Exercise brief: Return only the stretch of the material below that begins with the line containing "FILE - President" and ends with the line containing "peanut butter millionaire", exactly; both of those lines belong to it.

Data for the task:
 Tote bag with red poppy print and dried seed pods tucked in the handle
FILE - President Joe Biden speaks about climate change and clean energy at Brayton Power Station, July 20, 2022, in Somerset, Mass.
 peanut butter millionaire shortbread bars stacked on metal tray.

--

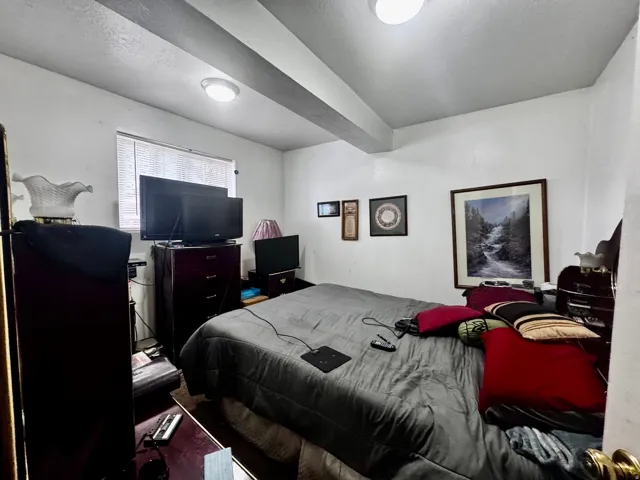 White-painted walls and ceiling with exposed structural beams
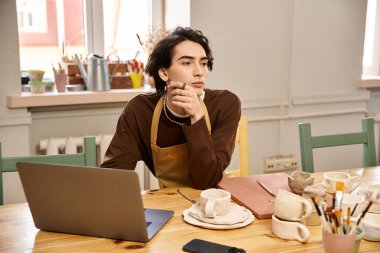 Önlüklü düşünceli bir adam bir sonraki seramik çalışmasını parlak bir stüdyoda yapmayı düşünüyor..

Answer to this exercise:
FILE - President Joe Biden speaks about climate change and clean energy at Brayton Power Station, July 20, 2022, in Somerset, Mass.
 peanut butter millionaire shortbread bars stacked on metal tray.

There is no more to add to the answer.